The Estidama (which translates to mean sustainability) ratings in Abu Dhabi are making their mark by ensuring that public spaces are treated as an important aspect of projects, while the Parks and Recreation Facilities Division (PRFD), which is part of the Abu Dhabi Municipality (ADM) is entrusted with implementing that vision. Meanwhile, Dubai Municipality is aiming for zero energy parks, according to a senior official.
"We have joined our efforts with strategic partners such as the Abu Dhabi Urban Planning Council (UPC) to coordinate on the development of projects that are aligned with the guidelines of the Public Design Realm Manual and Estidama. Other associated partners include the Department of Transportation, Department of Municipal Affairs, and the Environment Agency," says Rashed Abdullah Al Falasi, Director, PRFD.

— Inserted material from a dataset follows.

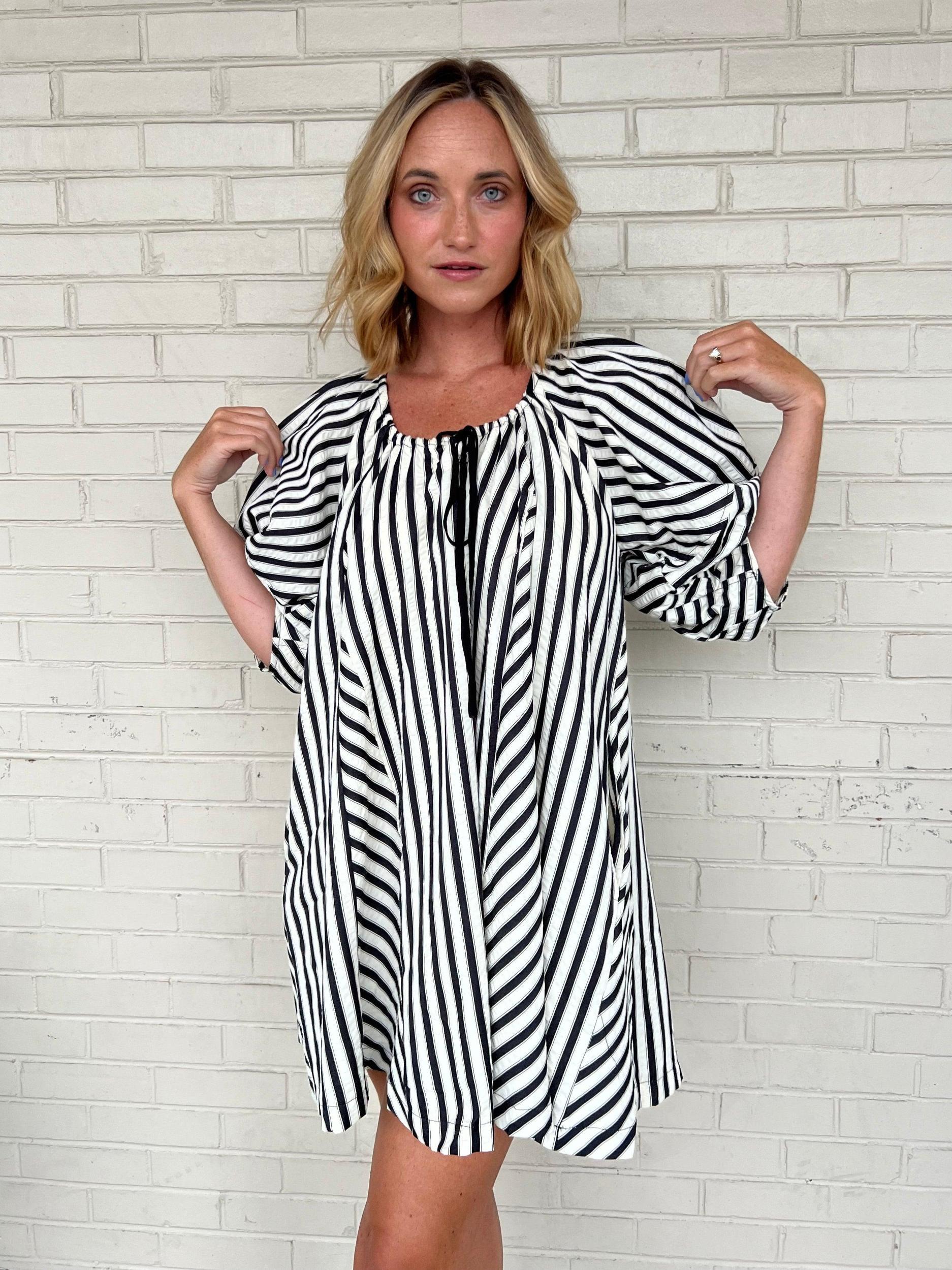 Falling Again Striped Dress - Black Product Image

Al Falasi says the PRFD has set up an overall landscape strategy, which spans the year from 2010 to 2015. It’s mission is to foster a distinctive, vibrant, aesthetically pleasing network of open spaces and public areas across the city that offers residents and visitors landscaped areas while ensuring the sustainable use of natural resources. "One of the most important aspects is reducing the usage of irrigation water, dependence on natural groundwater resources while using local tolerant plants and a plantation system, attempting to use sea water and extensively recycling the irrigation water," he says.
The ADM was recently awarded the Greenery Award for Best City in the Middle East Countries for 2010, presented by the Arab Cities Organisation at an event in Doha. At the same time, since PRFD is dealing with recreation facilities, its members worked closely together resulting in Abu Dhabi Corniche becoming the first beach in the Arabian Gulf region to achieve Blue Flag certification for beaches and marinas in June 2011. Blue Flag is awarded to beaches which meet 32 strict criteria, including environmental management, information and education, water quality, public safety and services.
Focus on green spaces
Similarly, Dubai created its own green and sustainable guidelines by taking into account that it is located in a hot arid zone. "We did take a look at Singapore as a case study in landscaping. But then we evolved our own guidelines with respect to our climate and lack of water. Again, we also looked at how to make people interact with the green spaces and not just the beautification aspect," says Fatima Essa Al Muhairi, Head of Landscaping section at the Dubai Municipality’s (DM) General Projects Department.
Traditionally, parks in Dubai were blocked with a concrete fence, a green buffer zone and closed off for public interaction till one enters the precincts. "In 2005, I joined the landscape division of DM as an architect. Our strategy was to slowly open up the parks with cast aluminium barricades that would visually engage the interiors with people outside the park," she says.
A focus on health activities is expected to follow, with the launch of jogging tracks, rubberised flooring for sport courts and so on. "Till 2009, we followed that trend. Now we are looking at creating open parks and applying sustainable energy principles. In areas such as Barsha, Abu Hail, Al Sufouh and others, we have constructed projects that are illuminated by solar light poles. Now our plan is to go for green parks, which will stop relying on electricity," says Fatima. Over the next five years, the DM will track this experiment innew parks.
So what are the plans in the coming years? "Dubai is now a mature city in terms of landscaping. Over the next two years, we plan to concentrate on the countryside, i.e. areas such as Al Awir, Hatta, and Lehbab, that have a lack of parks and facilities. Then, streetscapes are being designed by the Road Transport Authority and we follow with maintenance. Recently, we have started getting streetscape projects such as the running area under the Dubai Metro on Shaikh Zayed Road and some other private clients," says Fatima.
"We are also studying and experimenting with water retention strategies, which will be implemented once they show success rates. But our biggest ambition is to consider zero energy parks as our mission in the long run," she concludes.
And why not? According to her, the DM gets calls from Abu Dhabi, Bahrain and Oman to share its landscaping success strategies when it comes to the current high-grade parks in Dubai. Go green UAE!